Tradizioni a artigianato
Festa di San Rocco – Suono di tamburi e ballo votivo
La festa di San Rocco viene celebrata tre volte all’anno: il 27 gennaio, in forma modesta ed in ricorrenza del miracolo della sudorazione della statua del patrono; il 16 agosto, senza processione; l’ultima domenica di agosto con grande flusso turistico di ogni provenienza; quest’ultima è nota per il ritmo incessante dei tamburi, carcasse e piatti, pifferi, organetti e tamburelli. I suoni nei giorni precedenti annunciano la domenica, la sera e notte di sabato “la veglia” o “nottata” con forte partecipazione al santuario con canti e preghiere e la messa liturgica, i diversi gruppi di suonatori di tamburi e altri strumenti, iniziano dal Santuario e nei momenti di preghiera, si disperdono per le vie del paese per poi ritornare dopo mezzanotte e a notte fonda davanti al piazzale del Santuario con a seguito i tanti devoti a ballare, è già domenica prima dell’alba, prima della processione.
La domenica mattina si radunano i pellegrini davanti al Santuario per l’inizio della processione. La processione dura diverse ore e termina poco prima del tramonto. Per tutta la durata della processione, il Santo viene seguito per le strade del paese dai fedeli al ritmo di tamburi.
La chiesa di San Rocco è situata nel largo dei V Martiri dove sorge anche il Palazzo Amaduri ed è dedicata, per l’appunto, a San Rocco, patrono di Gioiosa Ionica. All’interno della chiesa vi sono la statua di Sant’Anna, scolpita da Rocco Murizzi e la statua in cartapesta di Maria SS. Ausiliatrice, di Donna Gemma Incorpora.
Una città in festa
Oltre alla tradizionale festa di San Rocco, Gioiosa Jonica è animata da altre giornate di divertimento che si dipanano nel periodo estivo e autunnale.
“Gustando il Borgo”, Festival Internazionale degli Artisti di Strada, una manifestazione dedicata alle degustazioni di prodotti artigianali e tipici, accompagnati dalle mirabolanti esibizioni di alcuni artisti di strada.
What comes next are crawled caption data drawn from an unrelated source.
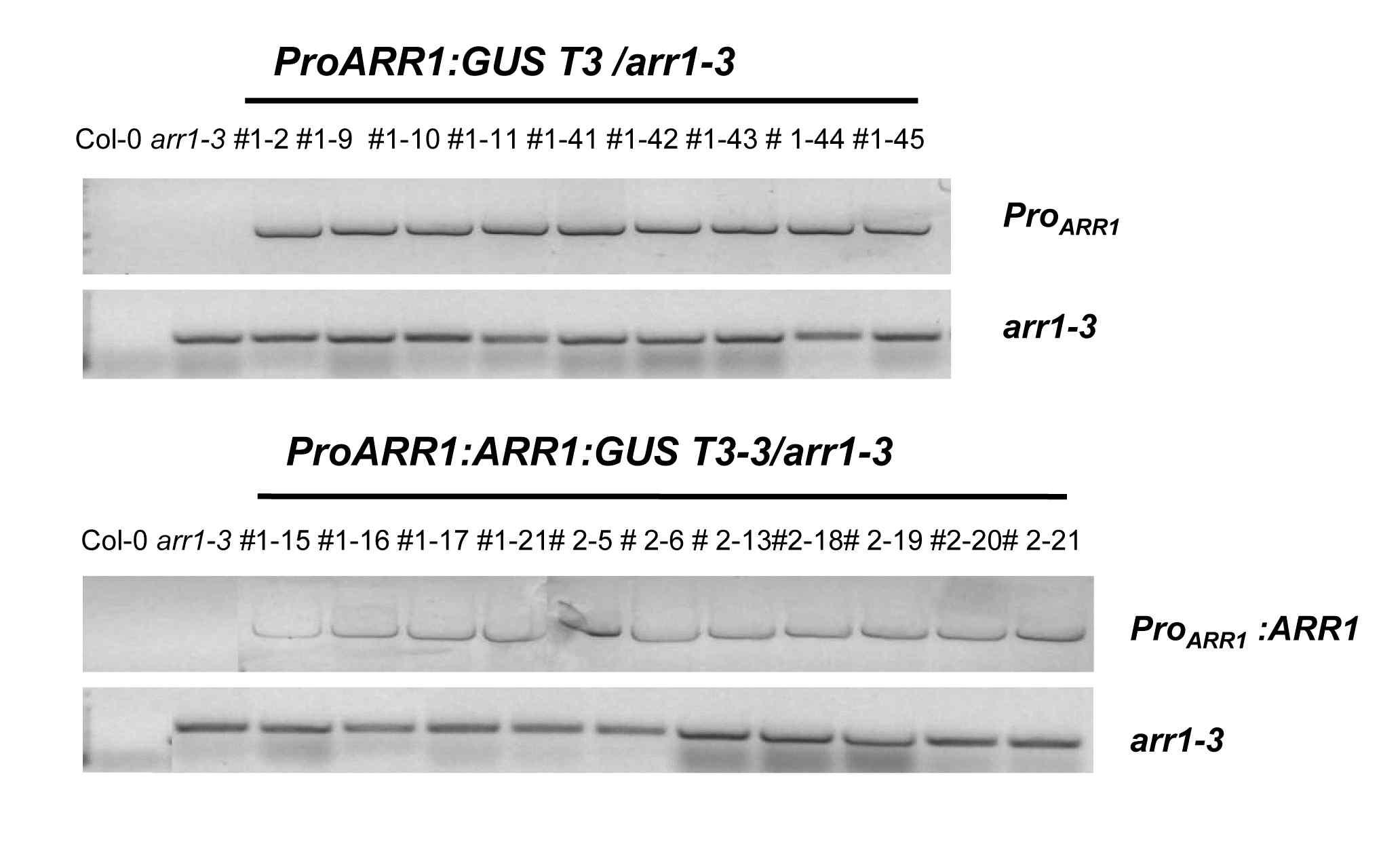 Genotyping of ProARR1:GUS and ProARR1:ARR1:GUS transgenic plants.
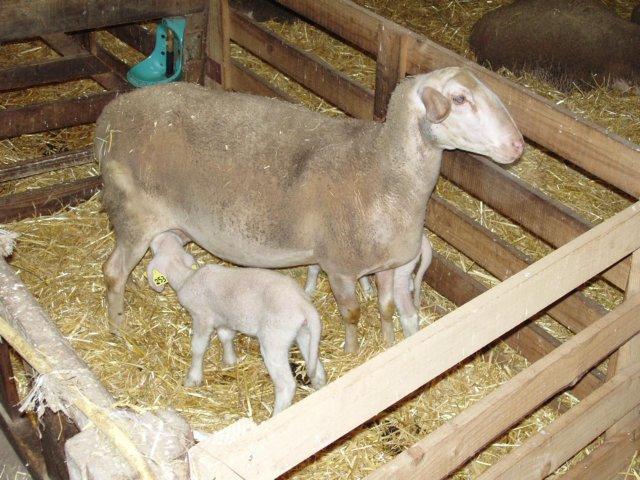 agneau 2006 0004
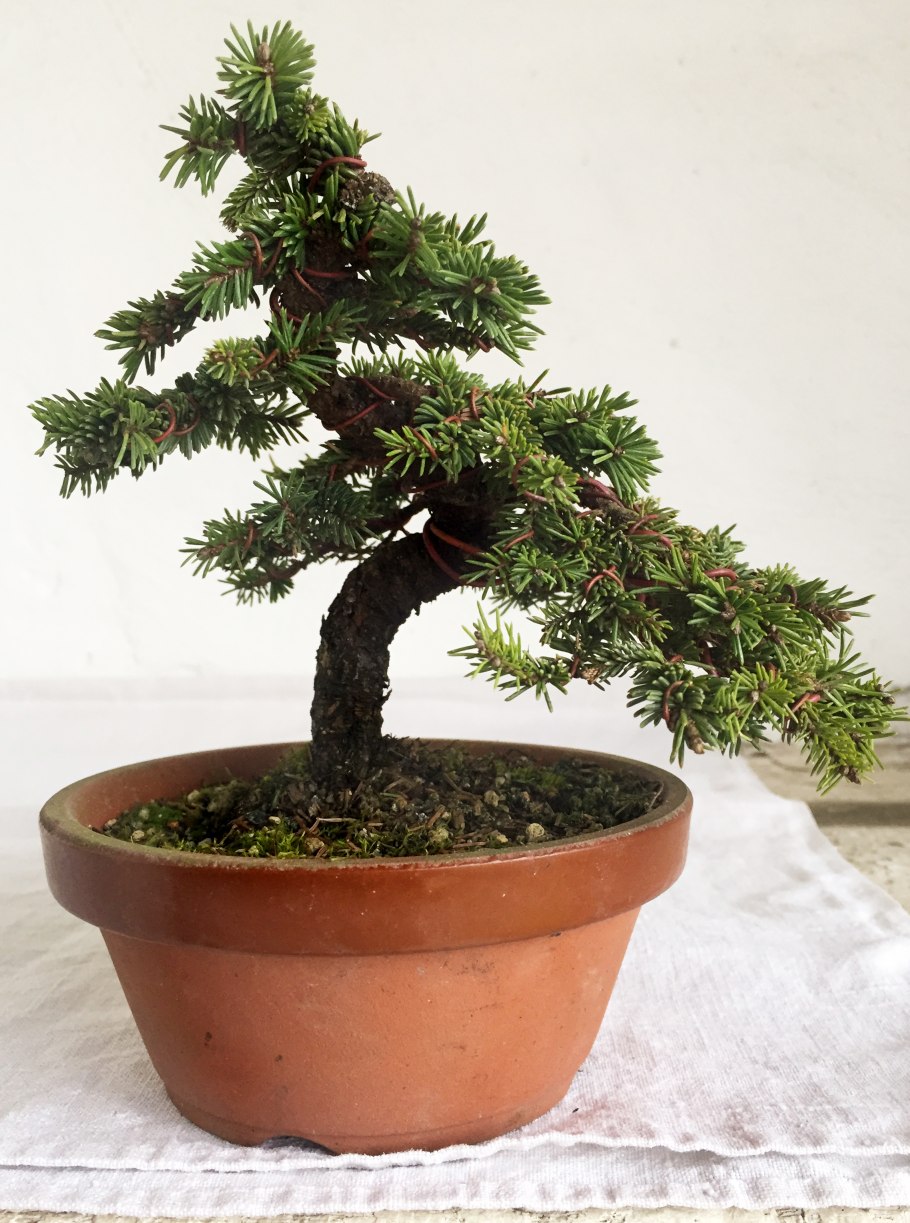 Канадская ель Коника бонсай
Si svolge il lunedì e martedì antecedenti all’ultima domenica di agosto.
Sagra del “Pezzo duro”, dedicata interamente al tipico gelato gioiosano, detto anche mattonella o tavoletta. Anch’essa si svolge ad agosto.
Festa delle castagne e del vino, durante la quale si possono degustare castagne e vino locali, si svolge a novembre.